Back in 2011, there was a lot of merriment when Arcade Fire's The Suburbs
won Album of the Year at the Grammys. Kanye West even tweeted about it.
Now the Montreal rock band -- still somehow signed to North
Carolina indie label Merge Records -- has scored a related sort of win
for those still bothering to keep score: They're playing freaking
stadiums arenas now.
The show's mirror-dappled main stage was constantly crowded with gear, microphone stands, cords, and an abundance of people. And congas! Simultaneously, an auxiliary stage on the other end of the arena hosted dancers, and spot performances. The band brought Mirror Man and the Bobbleheads, and turned Target Center into a dance party. The show was epic in scope, and occasionally so in execution.
|Photos by Tony Nelson|
Someone who deserved to stand out a lot more was Butler's wife, Régine Chassagne. Whenever she got to sing, it was as if the lights and glitter sparkled brighter. Their vocal interplay early on, especially on "Reflektor," proved to be the catalyst for the set's highlights. It wasn't until a Talking Heads-y "Haiti" near the end of the set that she was truly allowed to lead the band, and even then, Butler kept standing in front of her.

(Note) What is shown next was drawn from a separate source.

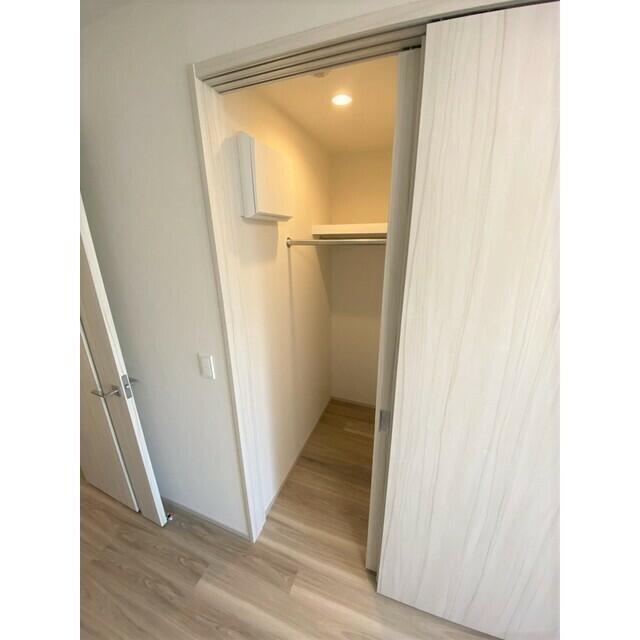 収納　ウォークインクローゼット?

Big-strumming rockers like "Joan of Arc," "Rococo" (with a riff on Lady Gaga's "Do What U Want" inserted) and "The Suburbs" were best suited for Butler's brute force on the guitar, and he seemed most comfortable with an instrument in his hand. The distilled moment that looked and felt most like a big-ticket event was the Neon Bible standout "No Cars Go." All that was missing was Chris Martin frolicking onstage. With Chassagne on accordion on one side and his workhorse multi-instrumentalist Richard Reed Perry on the other, Butler called "Let's go!" triumphantly out to the crowd. And they did!
|Photo by Tony Nelson|
But his presence faltered when he tried to lead the audience by example. Nowhere was this more apparent than "Afterlife," a head-nodding disco jam off the new record. With mirror ball lights kissing the stage and the crowd, he awkwardly prowled the stage and wasted an opportunity to take the willing fans higher.